According to her, if well implemented by the Nigeria Customs Service, both the tariff reduction and ban on vehicles imported through the land borders would curtail the massive smuggling of vehicles into Nigeria and revive the operations of Roll-On-Roll-Off RORO terminals in the country, many of which are comatose due to the high tariff on imported vehicles.

RORO terminals are specialised port terminals that handle all types of vehicles. 

The Federal Government should take a step further by scrapping the high import duty regime imposed on vehicles by the administration of former President Goodluck Jonathan in 2013 as part of measures to reduce the number of vehicles imported into the country”

“We are confident of the ability of President Muhammadu Buhari to turn the economy around. The earlier ban on importation of rice and now of vehicles, through the land borders is a welcome development.

“We are happy that the President has listened to our appeal to reverse incongruous policies inherited by his government from the former administration and which have deprived Nigerian ports of cargoes to the advantage of the ports of neighbouring countries. 

“In addition to this ban through the land borders, we appeal to the President to return the import duties on vehicles to 20% from the prohibitive 70% tariff imposed by the former administration.

“The reversal to the old tariff will serve as an incentive for Nigerians to import legitimately through the seaports and make appropriate payments to government. This will boost revenue collection by the Nigeria Customs Service. It will also lead to the return of lost jobs at the affected ports. 

“We also appeal to Customs officers at the border posts to support the Federal Government and the NCS leadership by ensuring that no smuggled vehicle finds its way into the country through the land borders from 1st January 2017 when the new policy is expected to come into effect,” Haastrup said. 

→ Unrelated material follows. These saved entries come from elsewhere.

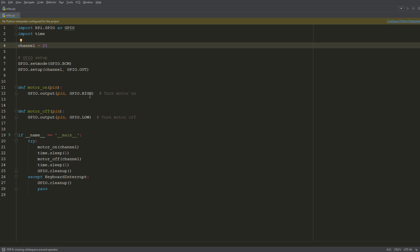We call this function—we pass in 21 as well, but this time we set the value to low, zero, or false—all synonyms are the same. Here's our main: I have it so it'll turn the motor on, wait one second, turn the motor off, wait one second, and then just reset the GPIO setup so it'll lose this numbering scheme that we've set.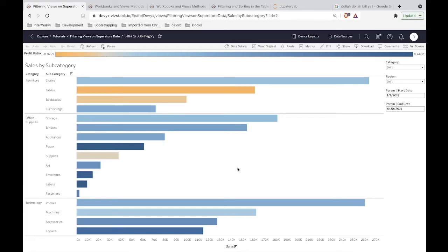Hey everybody, welcome to this video. We are going to be going a little bit deeper into this idea of downloading data from your views as PDFs or as crosstabs like a CSV, because this has been the most popular topic in both the Medium blogs and the YouTube videos that I've published. So let's take a little deep dive here.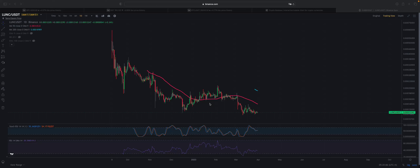Welcome to another video here on Understanding Crypto. Every other day on this channel I try my best to bring you crypto in the easiest way possible on the internet. If this is your first time here, click the like button and subscribe to the channel with your notifications on so that you do not miss any other value-packed video like this one. I'll try to make this video as short as possible.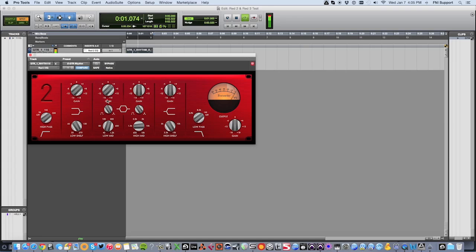So there you have it! You're up and running with your Focusrite Red 2 and Red 3 plugins. Thanks very much for watching!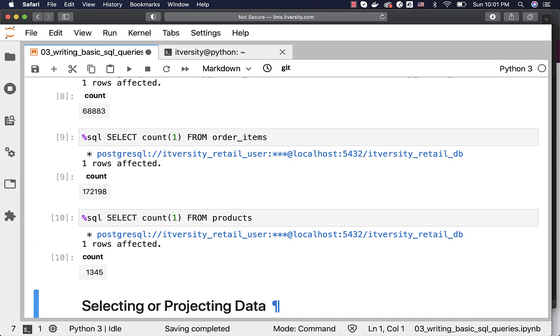As we have successfully loaded data into the tables and validated, now it is time for us to explore all the transformations and come up with the solution for our problem statement.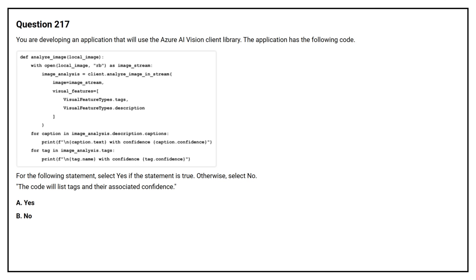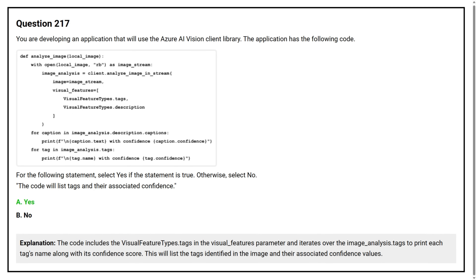Question number 217. You are developing an application that will use the Azure AI Vision Client Library. The application has the following code. For the following statement, select yes if the statement is true, otherwise select no. The code will list tags and their associated confidence. Option A: yes. Option B: no. The correct answer is option A, yes. The code includes VisualFeatureTypes.Tags in the visual_features parameter and iterates over ImageAnalysis.Tags to print each tag's name along with its confidence score. This will list the tags identified in the image and their associated confidence values.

She argued since 2014 when the 70 per cent hike in the tariff of imported vehicles came into effect, Nigeria has lost 80 per cent of their its vehicle cargo traffic to the ports of neighbouring countries.

Stakeholders believe that since the high tariff regime was introduced, importers have resorted to routing their vehicles imports through the ports of neighbouring countries and smuggle them into the country without paying appropriate duty to government, a development that led to huge loss of revenue. 

It is also believed that the policy has led to the loss of over 5,000 direct and indirect jobs at the affected port terminals as the terminal operators had to reduce staff strength following the decline of vehicle throughput by more than 70 per cent.

The government had under its new National Automotive Policy jacked up tariff on imported fully built units of vehicles from 10 per cent to 35 per cent, which it has said was the first phase of the policy.

The second phase of the policy, which imposed additional 35 per cent levy slated to kickoff July 1, 2015 could not commence following the outcome of the general elections in which the then ruling Peoples Democratic Party PDP lost the presidency.